Vatican I taught that no Pope can teach heresy or be a heretic

First Vatican Council:
Tanner translation: “This gift of truth and never-failing faith was therefore divinely conferred on Peter and his successors in this see so that they might discharge their exalted office for the salvation of all, and so that the whole flock of Christ might be kept away by them from the poisonous food of error and be nourished with the sustenance of heavenly doctrine. Thus the tendency to schism is removed and the whole church is preserved in unity, and, resting on its foundation, can stand firm against the gates of hell.” [Pastor Aeternus, chapter 4, n. 7]

The original Latin: Hoc igitur veritatis et fidei numquam deficientis charisma Petro eiusque in hac Cathedra successoribus divinitus collatum est, ut excelso suo munere in omnium salutem fungerentur….

My translation: Therefore, this charism of truth and of never failing faith, was divinely conferred on Peter and his successors in this Chair, so that they might exercise their preeminent office for the salvation of all….

If the Pope has the gift of a never failing faith, then he cannot fail in faith by apostasy, heresy, or schism, nor by other types of grave sins against faith, such as idolatry, sacrilege, or blasphemy.

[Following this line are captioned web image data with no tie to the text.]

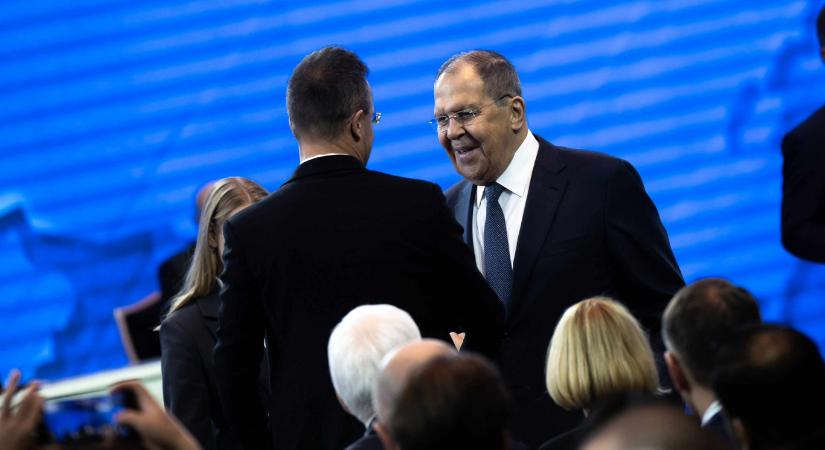 Moszkva reagált Szijjártó-Lavrov-botrányra, a külügyi szóvivőjük „örömteli eseménynek” nevezte azt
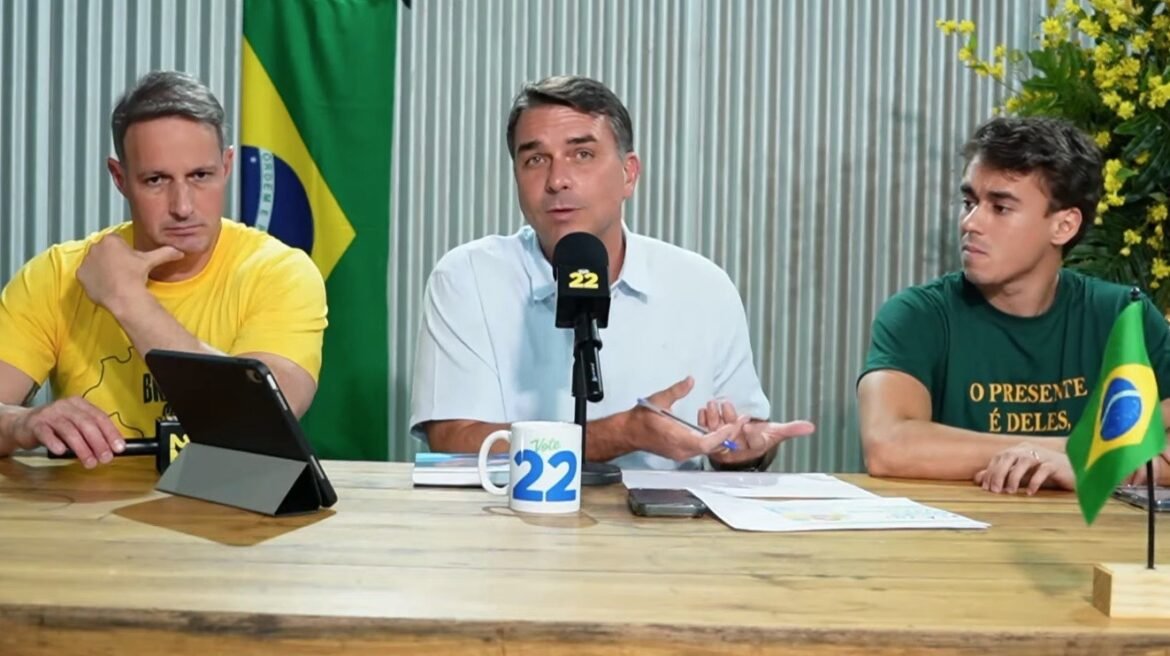 flavio-bolsonaro-promete-pena-de-8-anos-para-quem-rouba-celular-e-pede-votos-de-quem-nao-votou-no-1o-turno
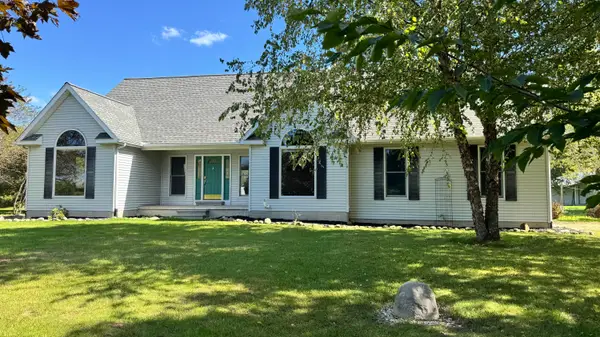 5261 N Rollin Highway, Manitou Beach, MI 49253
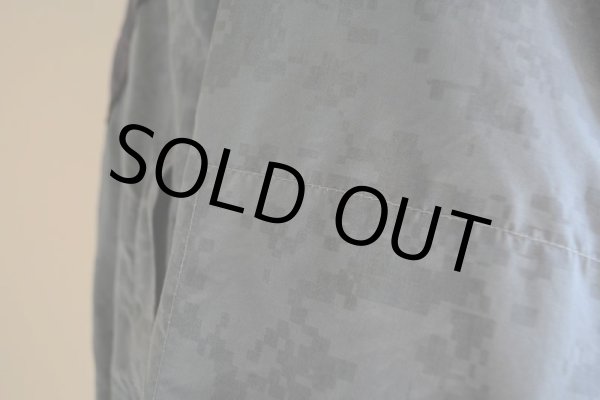 画像12: 2010s US.ARMY PFU ナイロントレーニングジャケット　 全面ACU迷彩リフレクト　 表記MEDIUM-REGULAR  (12)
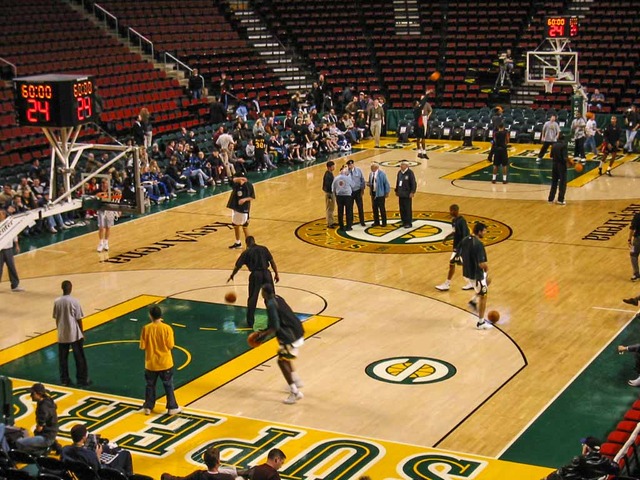 Key Arena 内 3_edit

And since this gift of never failing faith is also, as one and the same charism, the gift of truth, the Roman Pontiff can never teach grave error or heresy, nor can he ever promote apostasy, heresy, or schism, nor idolatry, sacrilege, or blasphemy.

The above text from Vatican I is the Council’s authoritative interpretation of Luke 22:32, found in chapter 4, n. 6:

“Indeed, their apostolic teaching was embraced by all the venerable fathers and reverenced and followed by all the holy orthodox doctors, for they knew very well that this see of St. Peter always remains unblemished by any error, in accordance with the divine promise of our Lord and Saviour to the prince of his disciples: I have prayed for you that your faith may not fail; and when you have turned again, strengthen your brethren.”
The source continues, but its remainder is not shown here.